Ambillah pelajaran melalui orang-orang yang terdahulu, kemudian bersungguh-sungguhlah kalian dan jangan kalian lalai; dimanakah orang yang menyanjung-nyanjung kehidupan dunia dan kawan-kawannya, yang lebih memilih mendahulukan kesenangan dunia, meramaikannya, dan dibalut dengan kesenangan dunia yang sangat lama, bukankah dia telah mengatakan kepadanya: Buanglah dunia sekiranya Allah memerintahkan membuangnya, dan carilah kehidupan akhirat, karena sesungguhnya Allah telah membuat perumpamaan
mengenai kehidupan dunia, dan sesuatu yang terbaik, Allah Subhaanahu wa Ta’ala berfirman;

“Dan berilah perumpamaan kepada mereka (manusia), kehidupan dunia adalah sebagai air hujan yang Kami turunkan dari langit, maka menjadi subur karenanya tumbuh-tumbuhan di muka bumi, kemudian tumbuh-tumbuhan itu menjadi kering yang diterbangkan oleh angin.
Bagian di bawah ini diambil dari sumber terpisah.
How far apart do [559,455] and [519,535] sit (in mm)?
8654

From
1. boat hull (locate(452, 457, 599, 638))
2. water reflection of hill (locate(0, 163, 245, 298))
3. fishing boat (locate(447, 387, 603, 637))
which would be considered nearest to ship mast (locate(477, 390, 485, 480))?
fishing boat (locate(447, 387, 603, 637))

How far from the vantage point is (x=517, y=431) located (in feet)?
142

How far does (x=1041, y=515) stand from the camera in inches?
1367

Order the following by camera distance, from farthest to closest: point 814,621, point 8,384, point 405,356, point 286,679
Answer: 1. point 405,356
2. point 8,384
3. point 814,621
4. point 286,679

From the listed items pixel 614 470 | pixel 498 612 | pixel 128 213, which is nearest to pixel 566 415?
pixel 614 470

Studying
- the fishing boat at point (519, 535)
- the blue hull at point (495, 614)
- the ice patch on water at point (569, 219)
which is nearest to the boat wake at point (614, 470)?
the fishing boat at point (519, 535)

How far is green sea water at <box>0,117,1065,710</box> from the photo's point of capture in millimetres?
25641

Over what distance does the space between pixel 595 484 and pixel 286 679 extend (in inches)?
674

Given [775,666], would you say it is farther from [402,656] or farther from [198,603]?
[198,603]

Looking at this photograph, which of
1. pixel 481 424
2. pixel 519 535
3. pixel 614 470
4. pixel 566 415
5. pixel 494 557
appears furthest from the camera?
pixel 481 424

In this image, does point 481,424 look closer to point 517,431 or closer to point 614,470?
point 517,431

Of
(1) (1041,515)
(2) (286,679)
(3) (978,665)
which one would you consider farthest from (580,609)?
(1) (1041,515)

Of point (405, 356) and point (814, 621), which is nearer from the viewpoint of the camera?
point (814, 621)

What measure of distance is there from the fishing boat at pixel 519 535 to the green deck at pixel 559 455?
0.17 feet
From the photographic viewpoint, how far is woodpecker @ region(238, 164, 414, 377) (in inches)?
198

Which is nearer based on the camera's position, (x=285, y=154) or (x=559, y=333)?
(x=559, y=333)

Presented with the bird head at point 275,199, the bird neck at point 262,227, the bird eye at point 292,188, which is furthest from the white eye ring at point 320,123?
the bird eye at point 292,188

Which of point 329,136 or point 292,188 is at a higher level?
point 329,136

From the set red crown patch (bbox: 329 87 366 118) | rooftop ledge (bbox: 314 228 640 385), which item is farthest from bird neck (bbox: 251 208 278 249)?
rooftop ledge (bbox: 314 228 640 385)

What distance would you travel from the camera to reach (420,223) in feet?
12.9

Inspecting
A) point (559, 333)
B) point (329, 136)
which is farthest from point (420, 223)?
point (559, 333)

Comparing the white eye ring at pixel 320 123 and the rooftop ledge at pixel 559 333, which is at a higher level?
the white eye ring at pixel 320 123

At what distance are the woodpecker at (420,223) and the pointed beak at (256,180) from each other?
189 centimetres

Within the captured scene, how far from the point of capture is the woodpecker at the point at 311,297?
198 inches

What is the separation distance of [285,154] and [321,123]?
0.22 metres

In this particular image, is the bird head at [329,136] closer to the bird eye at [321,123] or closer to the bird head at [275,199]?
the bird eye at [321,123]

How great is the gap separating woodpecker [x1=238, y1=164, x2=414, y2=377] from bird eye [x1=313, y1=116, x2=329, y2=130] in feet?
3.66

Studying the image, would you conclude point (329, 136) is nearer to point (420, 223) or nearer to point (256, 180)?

Dan Allah Mahakuasa atas segala sesuatu
Harta dan anak-anak adalah perhiasan kehidupan dunia, tetapi amalan-amalan yang kekal lagi shalih adalah lebih baik pahalanya di sisi Rabbmu serta lebih baik untuk menjadi harapan.” (QS. Al-Kahfi: 45-46)

Pamannya Badr bin ‘Utsman berkata: Dan orang-orang pun berdatangan hendak menyatakan janji setia kepadanya. Menurutku (i.e al-Hafizh Ibnu Katsir), pidato ini ada kemungkinan disampaikan sesudah shalat ‘Ashr pada hari itu juga, atau sebelum matahari tergelincir, sedangkan ‘Abdurrahman bin ‘Auf duduk di ujung mimbar, keterangan ini lebih mendekati kebenaran. Wallaahu a’lam.” [Silahkan lihat al-Bidayah wan-Nihaayah, 10/215-216. Daar Hijr Li ath-Thaba’ah wa an-Nashr at-Tawzi’, Tahqiq: asy-Syaikh DR. Abdullah bin ‘Abdul Muhsin at-Turkiy]
Inilah pidato pertama (nan singkat namun padat) yang disampaikan oleh amirul mukminin di hadapan kaum muslimin pasca beliau terpilih menggantikan khalifah terbimbing sebelumnya yang telah wafat, i.e berisi nasihat agar kaum muslimin berhati-hati dari tipu daya dunia (insyaAllah jika ada waktu luang akan kami kutipkan pidato-pidato beliau radhiyallaahu ‘anhu yang lain, red). Jadi teringat hadist shahih berikut;

“Demi Allah!, bukanlah kefakiran (kemiskinan) yang aku takutkan atas kalian, akan tetapi yang aku takutkan adalah jika dunia dibentangkan (lebar-lebar) atas kalian sebagaimana telah dibentangkan atas orang-orang sebelum kalian, lalu kalian (saling) berlomba-lomba padanya sebagaimana orang-orang sebelum kalian (saling) berlomba-lomba dan (akhirnya dunia) menghancurkan kalian sebagaimana ia telah menghancurkan orang-orang sebelum kalian.” 
(HR. Al-Bukhariy no. 3158)
Dan sepertinya  nasihat amirul mukminin pada pidatonya diatas, i.e “Ambillah pelajaran melalui orang-orang yang terdahulu.” ada kaitannya dengan sabda Nabi Shallallaahu ‘alaihi wa sallama dalam hadits shahih yang diriwayatkan oleh al-Imam al-Bukhariy tersebut, i.e orang-orang sebelum kalian

Yakni bahwa ketika dunia (harta, kekuasaan dll) terbuka lebar di depan mata, dan ada kesempatan besar untuk meraihnya, maka orang-orang akan saling berlomba-lomba memperebutkannya dengan berbagai cara (halal haram menjadi samar, red), hingga mereka lalai, menganggap biasa dan lumrah sesuatu yang tak biasa seperti bermewah-mewahan, pemborosan, mengambil harta dengan cara bathil dll, hingga akhirnya mereka berpecah belah, saling mendengki satu sama lain, saling menjatuhkan satu sama lain, sunnah-sunnah ditinggalkan, tidak berdiri dengan sungguh-sungguh di atas al-Kitab wa sunnah yang para generasi terbaik ummat ini (para shahabat, tabi’in dan tabi’ut tabi’in) berdiri diatasnya, akan tetapi di atas kepentingan dan keta’ashuban terhadap kelompoknya masing-masing (hizbiyyah). 

Kalau pun nasihat para Khulafa ar-Rasyidin dan para salaf ash-Shalih itu diambil, umumnya hanya sebagian saja yang hanya mencocoki kepentingan kelompoknya, memuaskan dahaga ambisinya atau hanya sekedar menjadikannya slogan-slogan belaka tanpa benar-benar diamalkan. Dahulu, dunia telah menghancurkan dan membinasakan orang-orang sebelum kita yang begitu tamak (terhadapnya), dan kini kita diminta untuk waspada dan tidak lalai, agar peristiwa serupa tidak terulang kembali di zaman ini. 

Mudah-mudahan Allah Azza wa Jall memberikan kita semua petunjuk kepada jalan yang lurus dan meneguhkan hati para pemimpin kita di atas kebaikan dan kebenaran.